WHAT THE EXERCISE ASKS | In the listing below, locate the line containing "VSM Actirox Abrasive Grain Top Shape" and copy it and every line after it through the end, exactly as written, leaving out any pictures.
- Opening Delimiter -
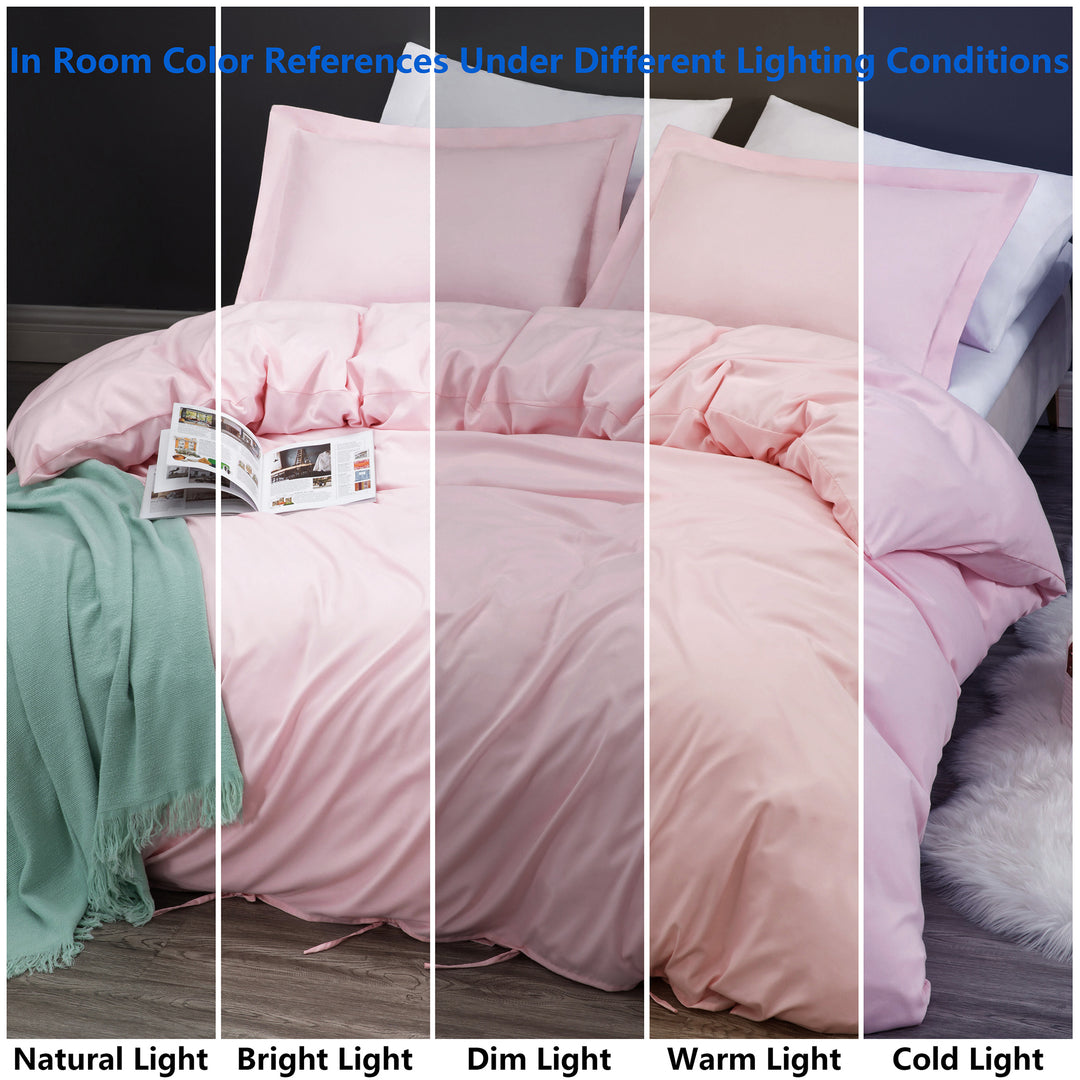 Kingsley Trend Duvet Cover Set - Pre-Washed Ultra Soft & Breathable 3-Piece Microfiber Set with Bowtie Knot Closure, Machine Washable for Easy Care, kingsleytrend, , kingsley-trend-duvet-cover-set-pre-washed-ultra-soft-breathable-3-piece-microfiber-set-with-bowtie-knot-closure-machine-washable-for-easy-care, Duvet Cover, MCF, kingsleytrend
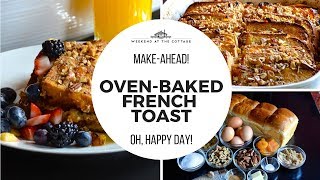 The best OVENBAKED FRENCH TOAST recipe [upl. by Jennie714]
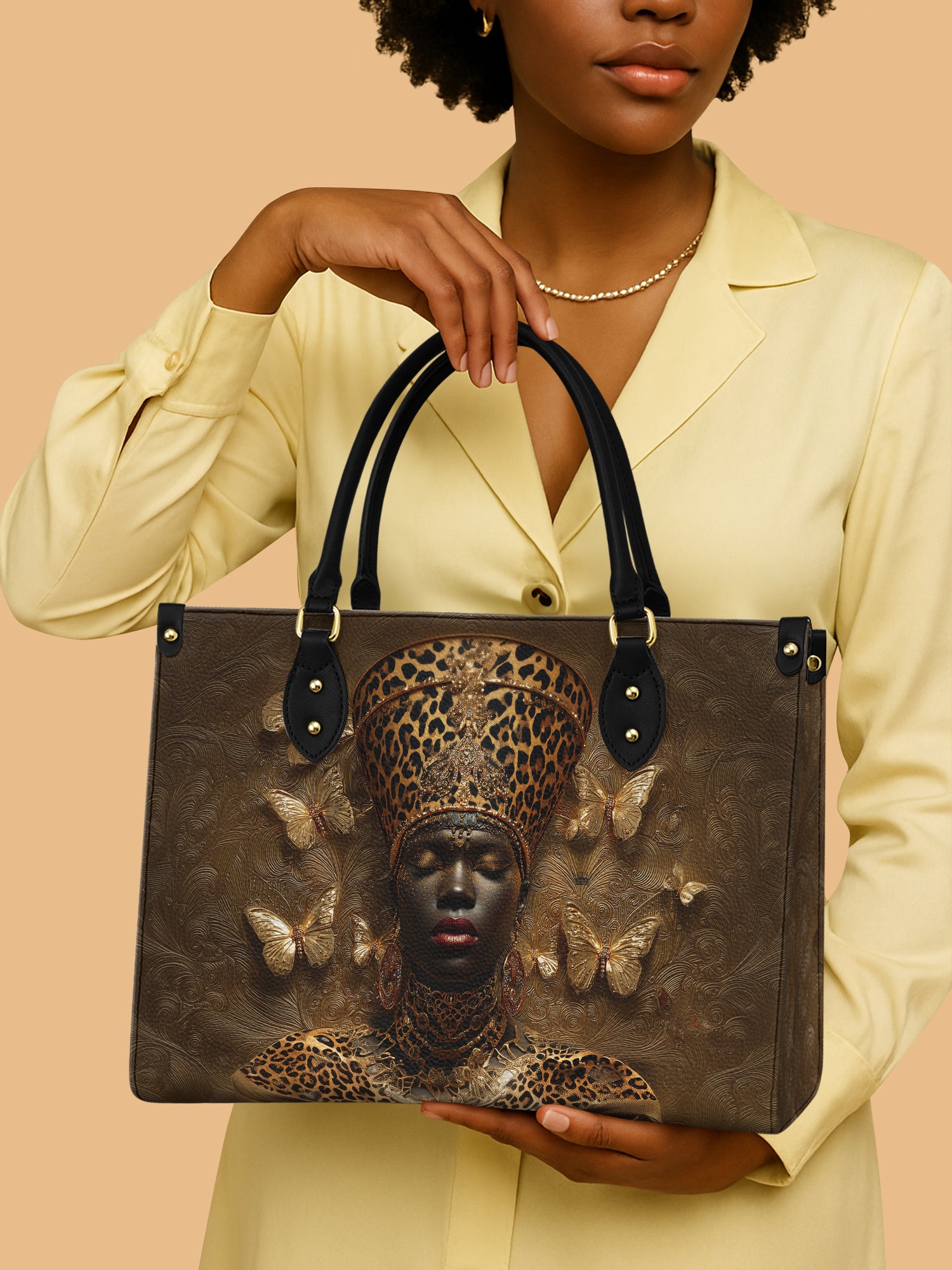 Angelic Affluence Premium Leather Handbag QR0XD641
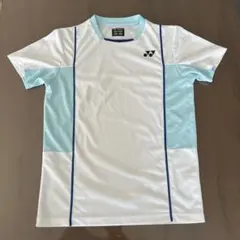 YONEX ウェア ホワイト／ライトブルー Sのサムネイル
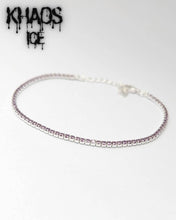 Cargar imagen en el visor de la galería, Pulsera tennis amatista 2 mm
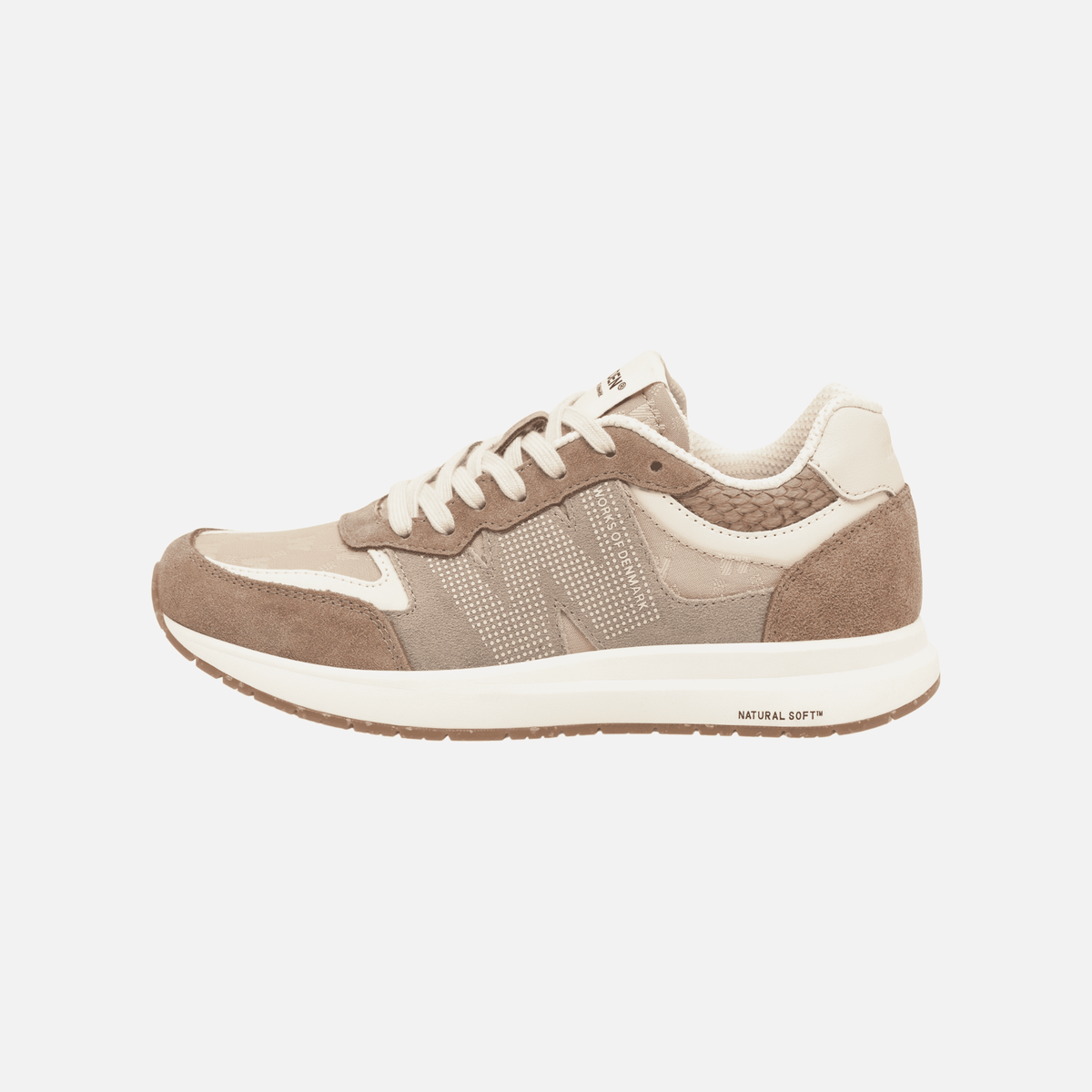 Woden Rigmor Heritage Coffee Cream side profile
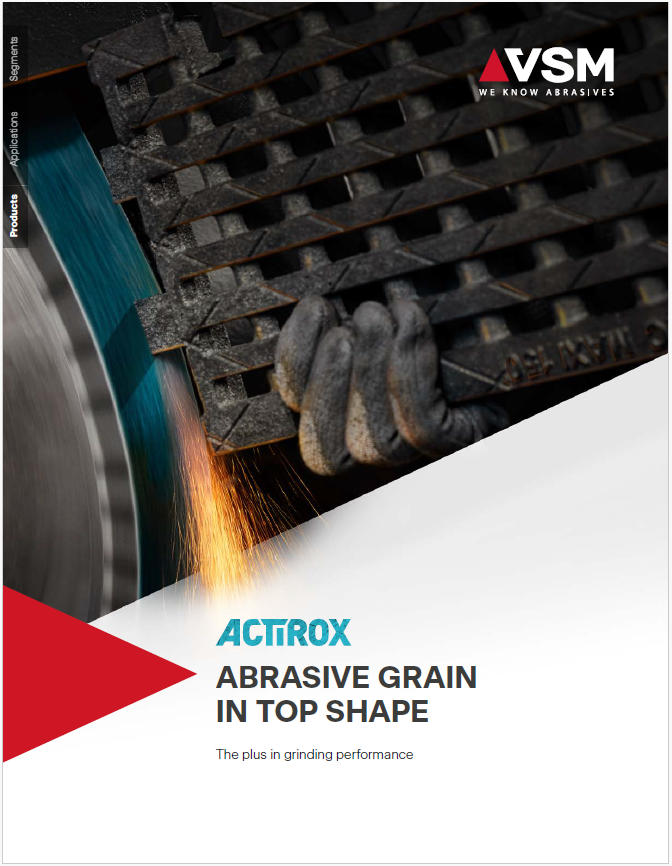 VSM Actirox Abrasive Grain Top Shape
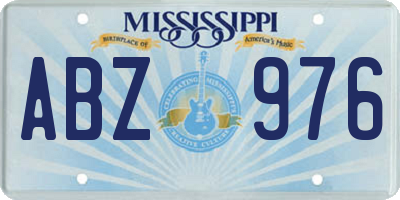 MS license plate ABZ976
- Closing Delimiter -
SOLUTION TO THE EXERCISE |
 VSM Actirox Abrasive Grain Top Shape
 MS license plate ABZ976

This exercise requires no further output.